Heredity applied by the early Romans.—In the early history of Rome, custom and law made it a special honor to be a Roman mother. She was surrounded by examples of courage, bravery, strength, power, heroism and purity. Special homage was shown her on the streets, at the arena, and when viewing the marching victorious armies. Such treatment and such environment made it possible for the Roman mother to become a real help in making Rome the mistress of the world. Had this courtesy, gallantry, manly attention, respect and reverence for girlhood, womanhood, wifehood and motherhood continued, Rome might never have fallen. Have we the gallantry, courtesy, respect and reverence for womanhood as in former days? A quarter of a century ago it was indeed a rare thing that a man would be so thoughtless as to smoke or swear in the presence of a woman; now it is a very common occurrence.

Plato’s views.—Plato, a heathen philosopher, born more than two thousand years ago, who never heard of the Bible or the Savior, made a careful study of the laws of heredity, and for the improvement of men suggested laws that would do honor to our day. In his Republic he suggested that parentageable married people be prohibited from the use of wine. Wine included all alcoholic drinks. He also suggested that the inferior classes should be restricted in marriage and that marriage should be encouraged among the superior classes. Under the teaching of Plato, Lycurgus, in his reign, assuming that children were more the property of the nation than of their own parents, sought to have all children well born. In two hundred years that small nation is said to have produced twenty-eight of the master minds of the world.

Genius is hereditary.—Aristotle’s father was a scholar and a philosopher. Beecher’s father was a scholarly preacher. William Pitt’s father at the age of twenty-seven was at the head of the English government. Lord Bacon’s father was a great scholar and statesman. Darwin was the product of several generations containing a number of geniuses.

The Bach family of musicians in Germany is a fine example of musical heredity. Among them were nineteen musicians of eminence. Fifty-seven of their names are found in the Dictionary of Music. At family reunions there were counted as many as two hundred and fifty church organists and choir leaders. The genius for music appears to be as easily transmitted as that for art or militarism. There appears to be only a very few exceptions among the great musical geniuses.

Cæsar, Alexander, Wellington and Hannibal seem to have inherited a genius for war. Napoleon Bonaparte’s Corsican mother, before his birth, accompanied her husband to the field of war, exposing herself to deprivation and danger, and being elated and thrilled by every victory. When a child, he showed the military spirit. As a man of eighteen and twenty he was a failure and attempted suicide. When twenty-three he was given a chance to quell a raging mob in Paris, and crushed it in his first effort. From that time until England chained him he conquered everything before him.

From the days of the Crusades to the war with Spain we find the Lees were military leaders. Cromwell and Grant appear to be exceptions to the rule.

Max Jukes.—Vice, as well as virtue, runs in families. Max Jukes was born in 1703. Both he and his wife were born of inferior parents. He was a drinking man and seemed to delight in breaking law.

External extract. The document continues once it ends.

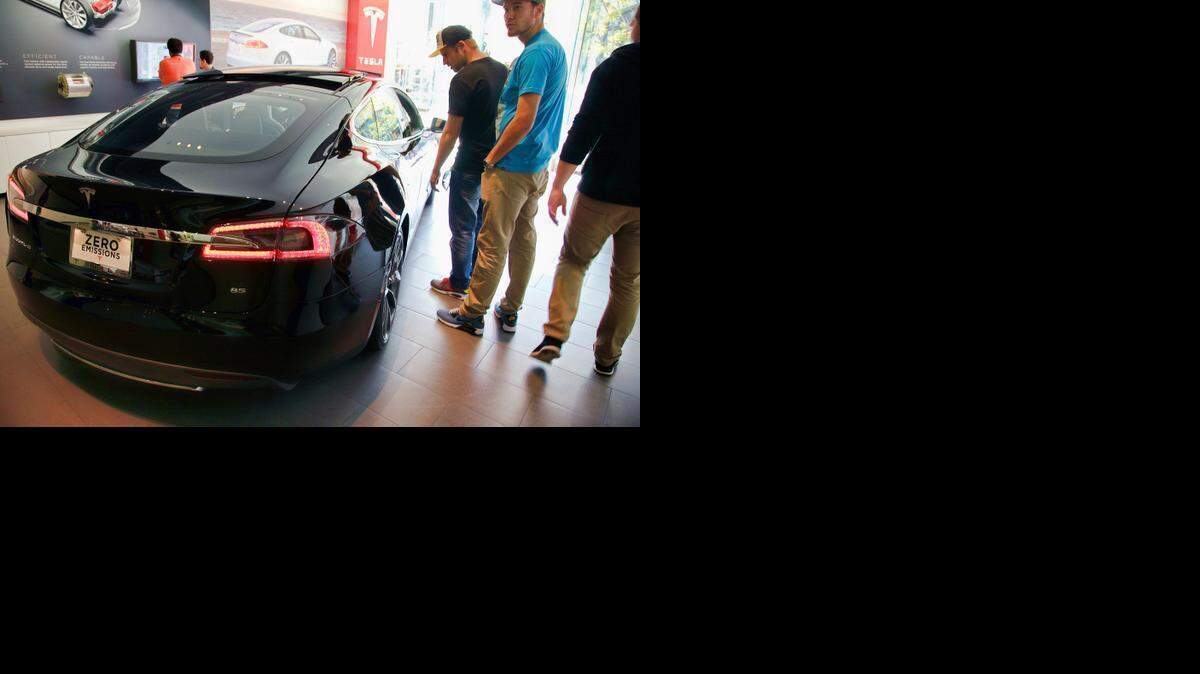 
If you ever wanted to check out a Tesla in person, you’ll have the chance Monday at the new Tesla charging station next to the Applebee’s at 47th and Broadway.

His wife was a common prostitute. We have identified and studied eleven hundred and three of his descendants. One hundred and twenty-six were thieves and murderers and spent several years in the penal institutions, ninety female prostitutes, one hundred and forty-five drunkards; two hundred and eighty-five were viciously diseased and four hundred had either consumption, epilepsy, or were feeble-minded. Eleven hundred and three were delinquents—not one a good citizen. They cost New York a million and a quarter dollars.